Politics aside, and assuming CBS will be turning late night over to the affiliates, I would assume that most CBS affiliates would have preferred the network to cancel "CBS Mornings" and give that time period to the affiliates than leave them with a hole to fill on weeknights.

Posted (edited)
3 hours ago, Rusty Muck said:

I guess this was inevitable. Facts about the declining asset that is late night don't matter when you can spin it as "the show was solely cancelled at the behest of Trump".

 

https://www.thewrap.com/stephen-colbert-late-show-cancellation-reactions-adam-schiff-elizabeth-warren/

Trump has repeatedly slammed late-night comedy shows for years for making jokes and criticisms about him, and even mused publicly about having the FCC punish networks for satire on shows like Colbert, Kimmel and SNL that is protected by the First Amendment.

 

It was already reported that Skydance leadership might push for canceling Colbert and The Daily Show and reshape CBS News’ editorial independence to rid the company of what they consider a “liberal taint. The timing, days after Colbert criticized Paramount for settling a winnable lawsuit to get the Skydance deal over the line, makes it seem retaliatory or like capitulation to Trump. There were means to cut costs like asking Colbert to take a pay cut or eliminating the Late Show Band (like Late Night with Seth Meyers did with the 8G Band last year).

 

Unless Paramount can prove it considered cancelling the show before the settlement, I think it’s a mistake to automatically believe the pretext it was financial.
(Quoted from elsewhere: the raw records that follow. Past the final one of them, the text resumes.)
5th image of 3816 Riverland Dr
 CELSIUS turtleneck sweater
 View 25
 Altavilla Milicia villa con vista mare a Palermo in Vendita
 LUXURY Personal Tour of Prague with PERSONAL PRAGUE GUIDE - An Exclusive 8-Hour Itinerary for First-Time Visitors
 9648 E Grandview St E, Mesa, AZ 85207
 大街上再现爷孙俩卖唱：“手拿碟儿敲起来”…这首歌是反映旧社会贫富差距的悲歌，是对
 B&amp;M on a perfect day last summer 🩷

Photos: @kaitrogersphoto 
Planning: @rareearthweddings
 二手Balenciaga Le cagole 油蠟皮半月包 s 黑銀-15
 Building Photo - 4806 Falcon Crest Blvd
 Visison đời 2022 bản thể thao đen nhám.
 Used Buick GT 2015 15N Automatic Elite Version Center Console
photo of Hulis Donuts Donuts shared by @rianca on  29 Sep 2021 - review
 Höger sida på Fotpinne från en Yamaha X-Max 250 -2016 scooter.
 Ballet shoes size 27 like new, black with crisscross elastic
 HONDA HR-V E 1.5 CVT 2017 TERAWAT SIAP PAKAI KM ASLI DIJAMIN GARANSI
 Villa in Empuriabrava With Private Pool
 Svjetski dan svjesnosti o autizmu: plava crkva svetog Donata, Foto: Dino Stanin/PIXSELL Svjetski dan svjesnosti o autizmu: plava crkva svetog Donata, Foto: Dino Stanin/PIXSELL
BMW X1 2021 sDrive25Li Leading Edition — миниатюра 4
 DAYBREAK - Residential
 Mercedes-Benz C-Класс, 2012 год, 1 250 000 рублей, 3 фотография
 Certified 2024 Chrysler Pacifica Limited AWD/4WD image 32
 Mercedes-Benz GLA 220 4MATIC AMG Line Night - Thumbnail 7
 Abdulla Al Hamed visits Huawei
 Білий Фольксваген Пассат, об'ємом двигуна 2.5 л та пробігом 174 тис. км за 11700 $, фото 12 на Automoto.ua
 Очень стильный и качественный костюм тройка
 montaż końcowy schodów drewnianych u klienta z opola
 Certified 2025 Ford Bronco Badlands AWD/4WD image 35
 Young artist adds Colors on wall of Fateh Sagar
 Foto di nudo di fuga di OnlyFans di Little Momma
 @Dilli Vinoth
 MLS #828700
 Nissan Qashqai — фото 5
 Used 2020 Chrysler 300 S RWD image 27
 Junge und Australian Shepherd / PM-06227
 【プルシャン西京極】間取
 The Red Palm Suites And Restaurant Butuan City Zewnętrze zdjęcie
Two things can be true: The Late Show was losing revenue for the network, and Paramount could have used that to sell the cancellation to the public despite the optics clearly suggesting otherwise. Because of the aforementioned circumstances, it’s justified that most critical of this decision don’t buy that financial metrics were key, when there were changes they could have made to prolong the show for a few more years.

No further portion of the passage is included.